Digital literacy: Curriculum Development and Implementation in European Countries edited by Jos Tolboom and Lydwin van Rooyen
The 2021 CIDREE conference was organized by the Netherlands Institute for Curriculum Development SLO. This was the second Yearbook Conference held online.
As is the case with all human activities, computerization brought fundamental change in scientific discovery. One could even argue that it caused two majors shifts of paradigm, out of the four we could distinguish so far.
In the early days of science, experimental science has brought us the idea that systematic observations and descriptions help us in understanding the world. Later, theoretical science has put effort into the formulation of such observations and descriptions in terms of ‘laws’, as for instance manifested in the work of Isaac Newton. Computational science caught these laws into computerized models, adding simulations to the scientific toolkit. In the domain of mathematics, as an example, computational experimentation led to the formulation of chaos theory. In our current era, the emerge of the internet of almost everything generates the abundancy of ubiquitous data.
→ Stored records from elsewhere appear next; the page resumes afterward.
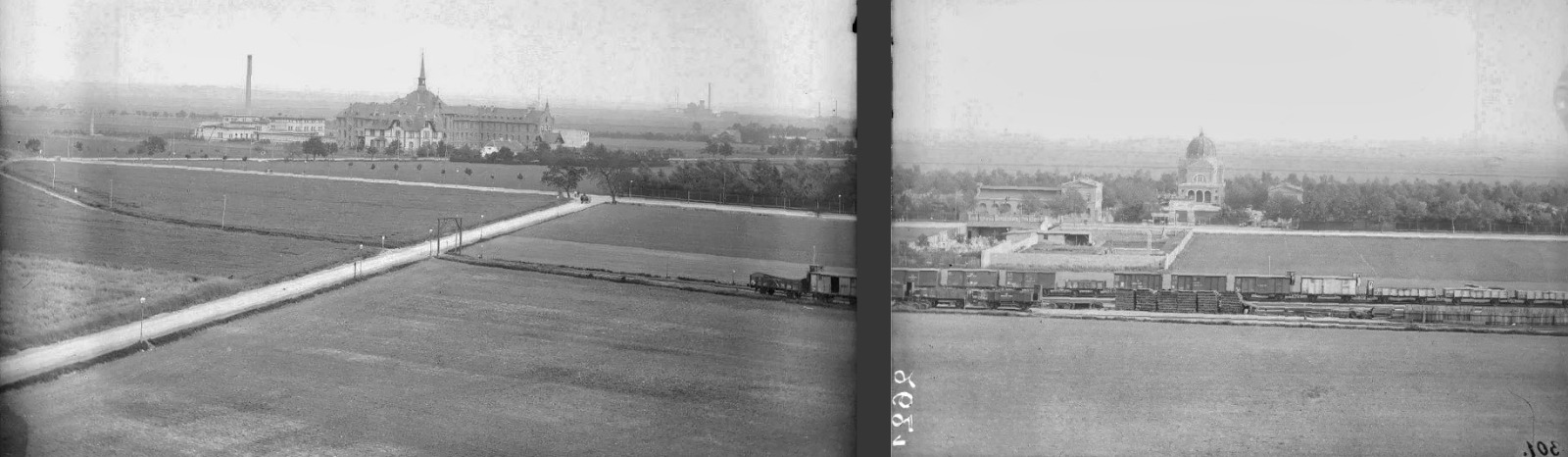 Panorama mit Blick vom Wasserturm auf die Huttenstraße am Südfriedhof und die Merseburger Straße.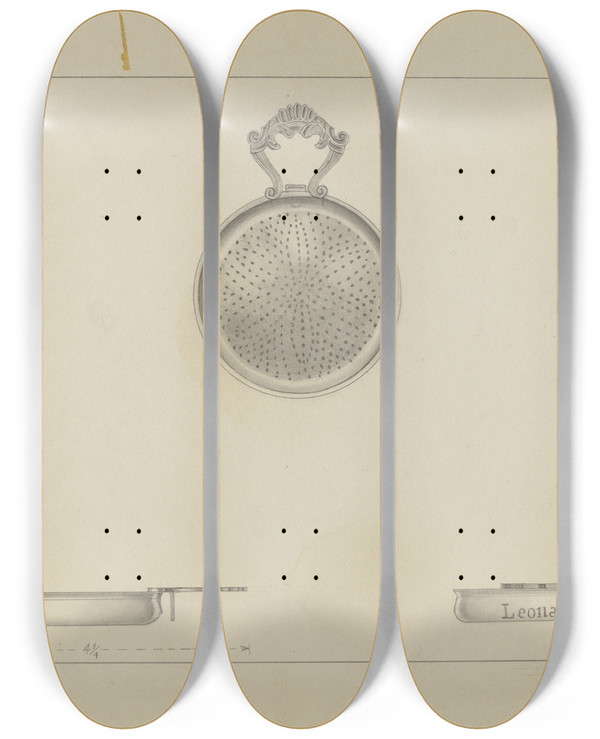 Triptych art skateboard deck of Michael Fenga Silver Lemon Strainer by Michael Fenga (20-)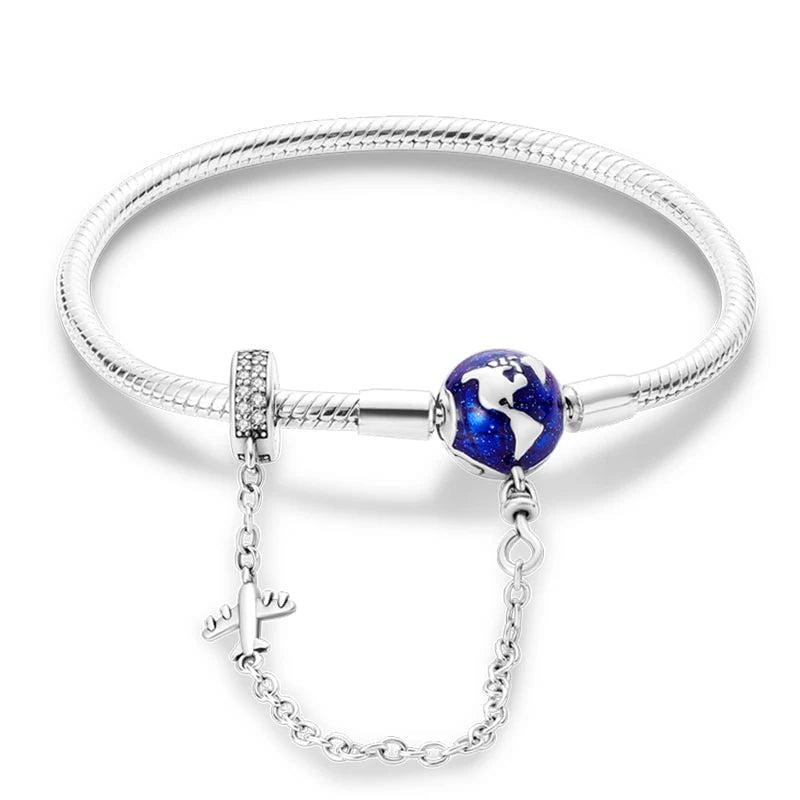 Bracelet à Charms Globe Terrestre avec Avion et Chaîne de Sécurité
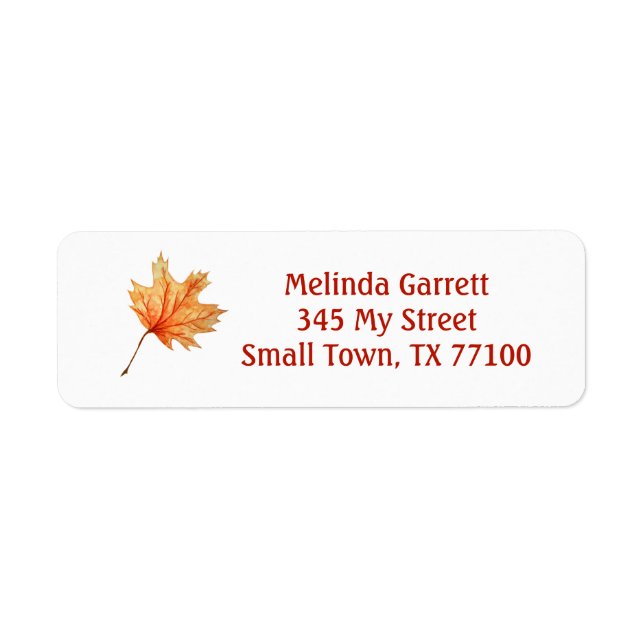 Happy Fall Watercolor Orange Maple Leaf Custom Label (Front)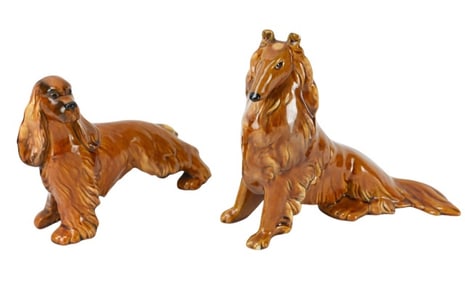 Vintage Royal Haeger Dog Figurines Collie Spaniel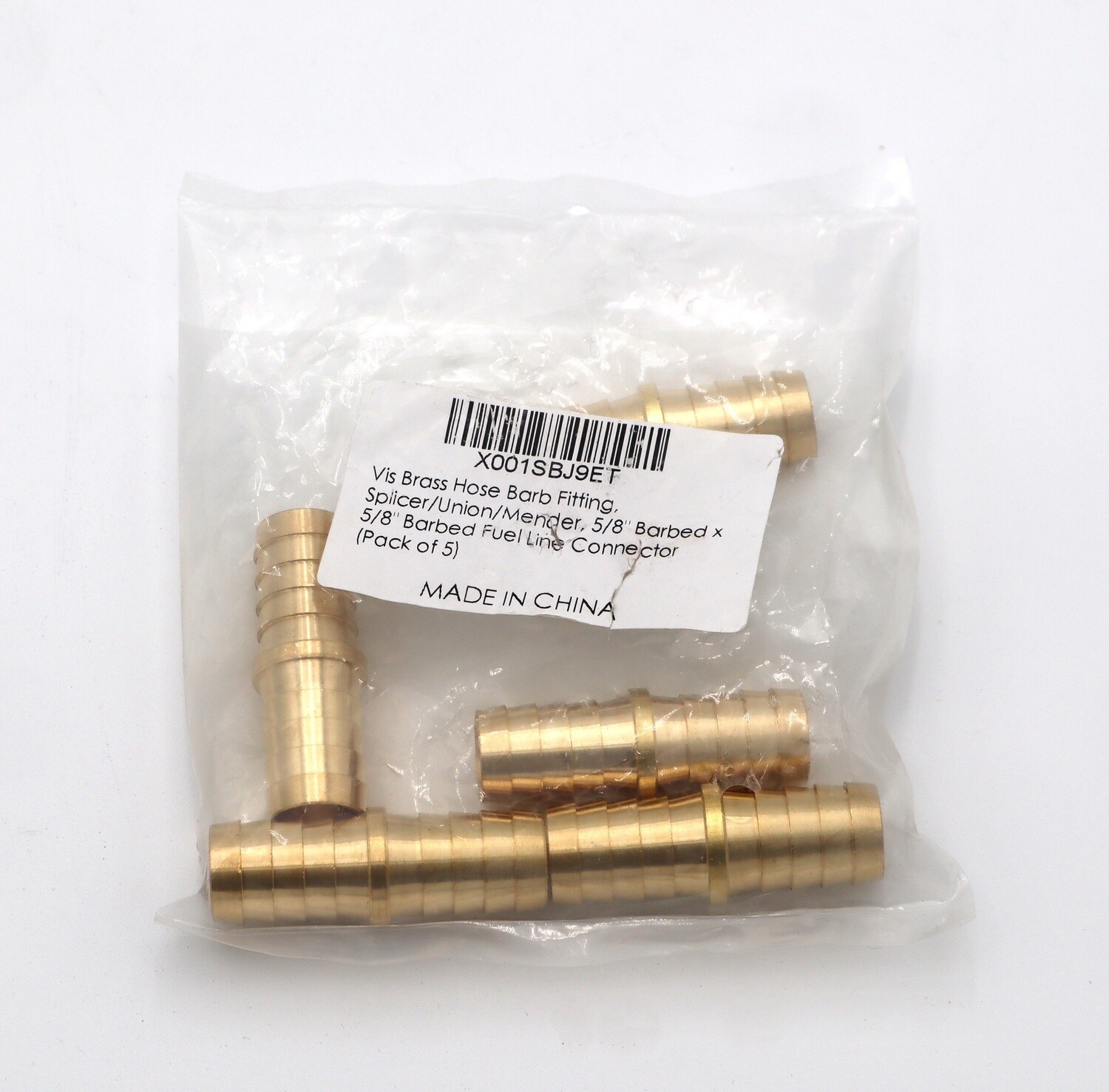 5/8x5/8 Brass Barb Hose Coupling (Each)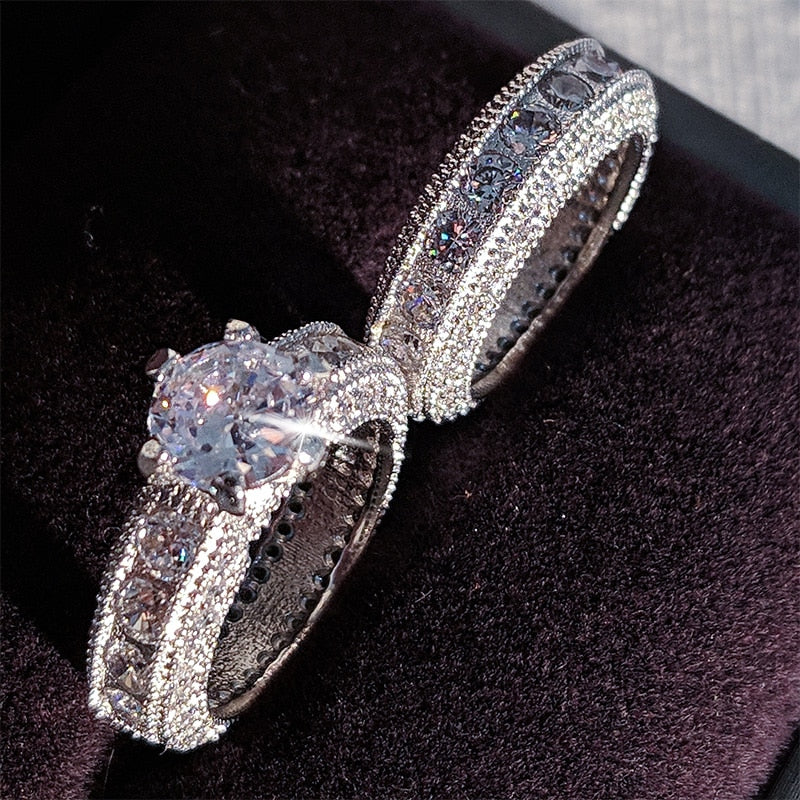 Silver Luxury Bold Big Wedding Rings Set For Engagement African Finger Gift Jewelry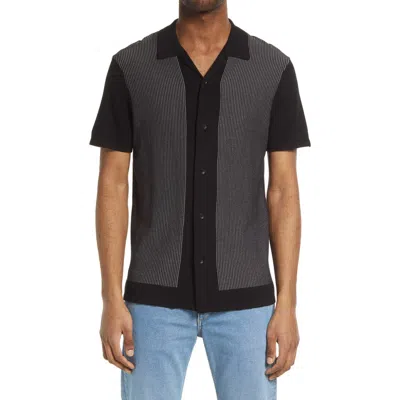 Rag & Bone Harvey Cotton-blend Knit Short-sleeved Shirt In Black White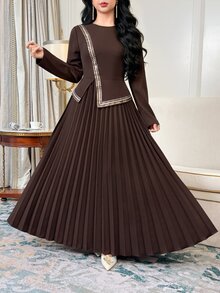 Feyla Women's Elegant Long Dress With Patchwork Sequin Trim And Pleated Hem - Coffee - View 6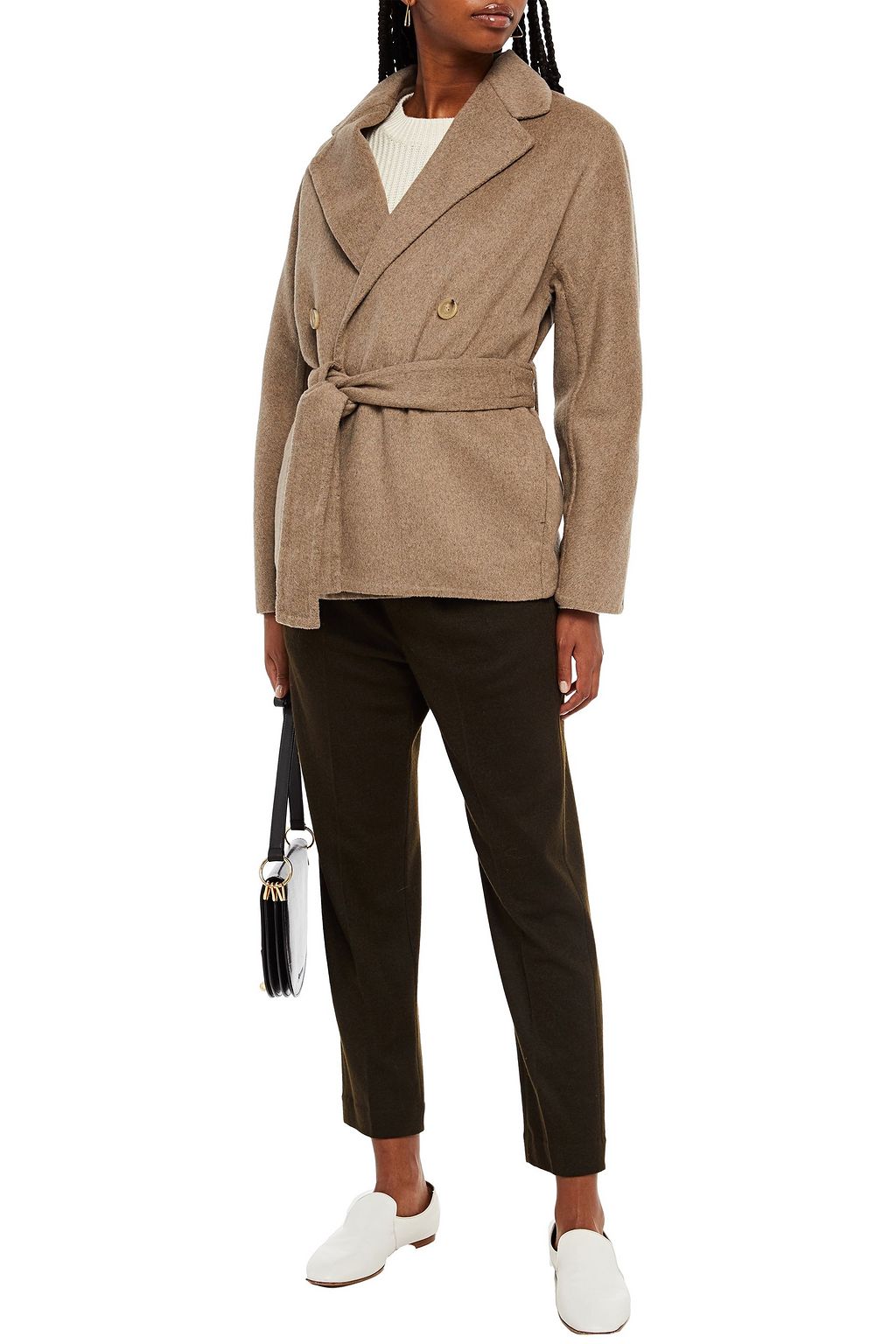 VINCE. Brushed mélange wool-blend jacket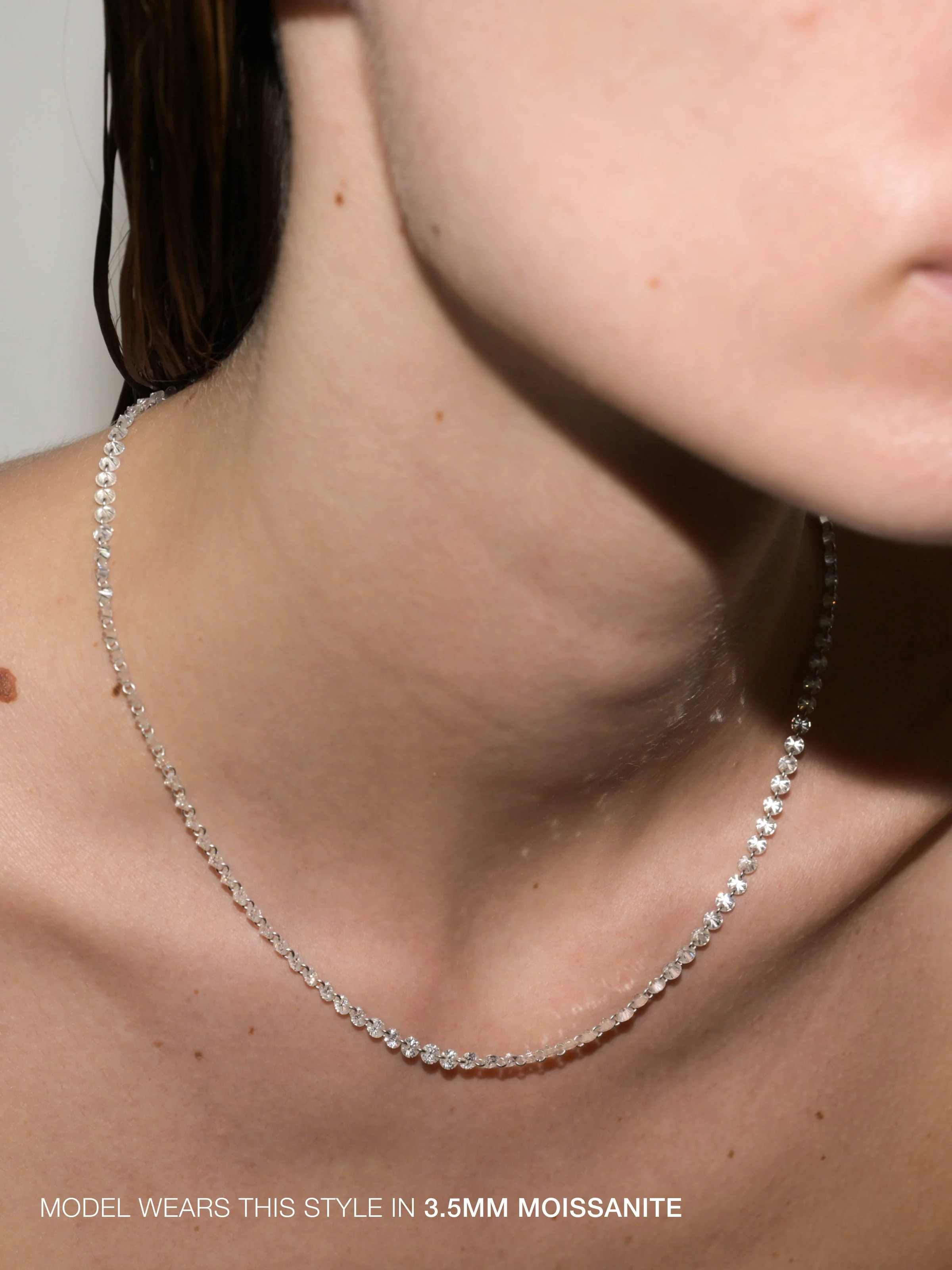 Dorsey - 14K FLOATING ETERNITY NECKLACE IN 3.5MM LAB EMERALD, 14K YELLOW GOLD - Image 3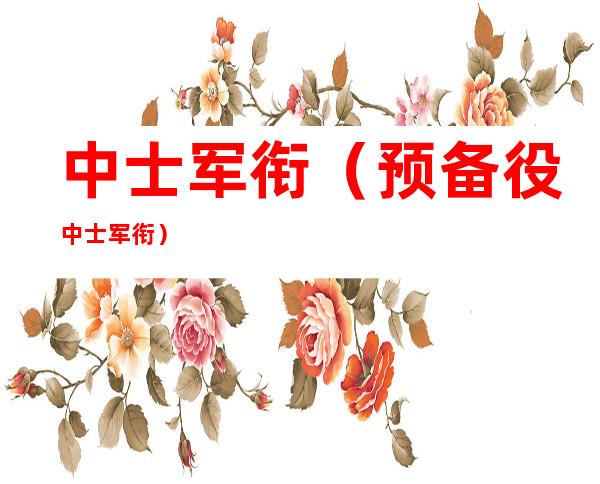 中士军衔(预备役中士军衔)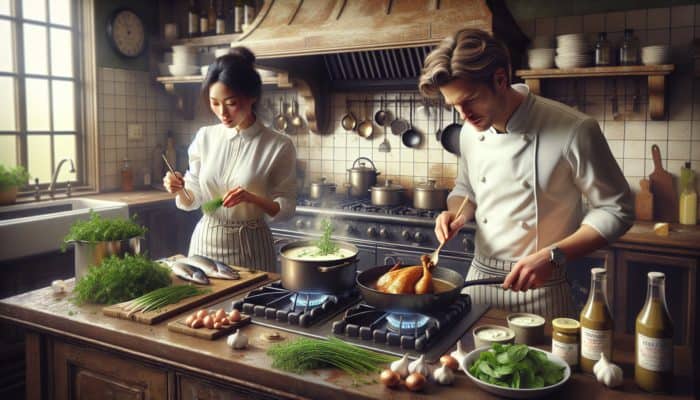 A chef in a rustic British kitchen adding fresh tarragon to chicken sauce, with salad dressing and fish nearby.
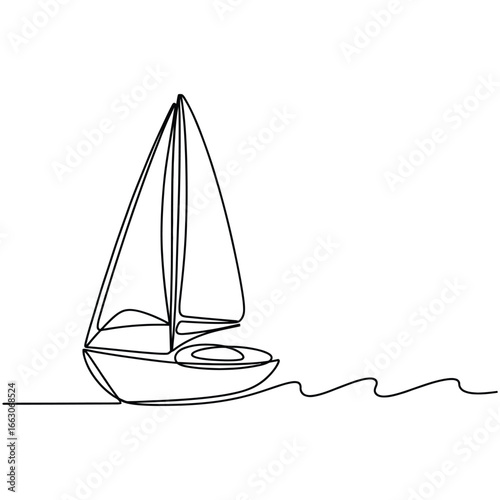Minimalist line art sailboat on wavy water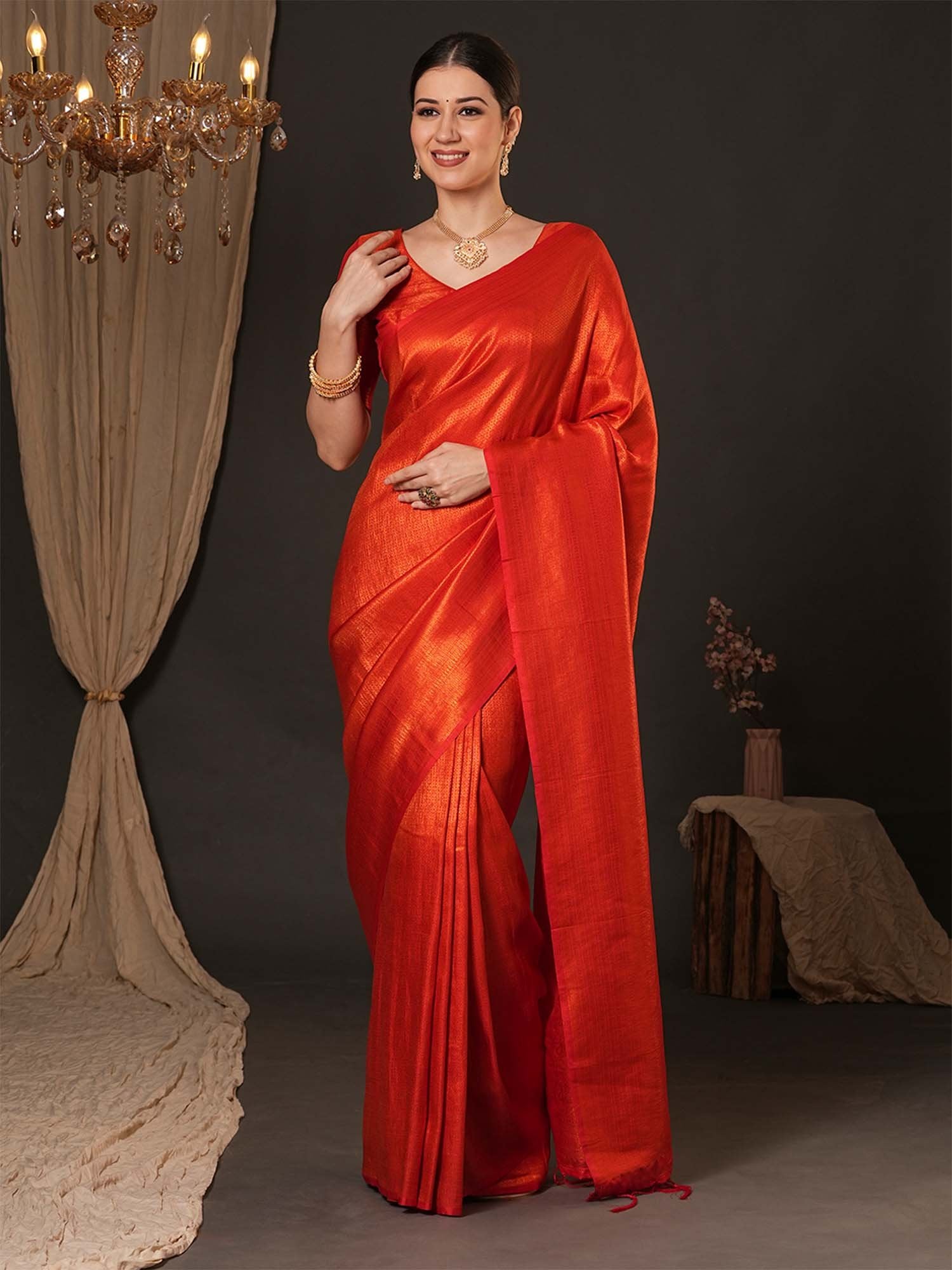 Orange Orange Kanjeevaram Silk Blend Woven Saree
This data facilitates scientists in discovering patterns, even without an at forehand explicit laws to be tested, thus leading to data-intensive scientific discovery.
The central idea of the CIDREE yearbook 2021 is to take a look at how especially the last two paradigms, computational science and data-intensive science, drawing heavily on computer science principles, are supported by digital literacy in the secondary school curriculum.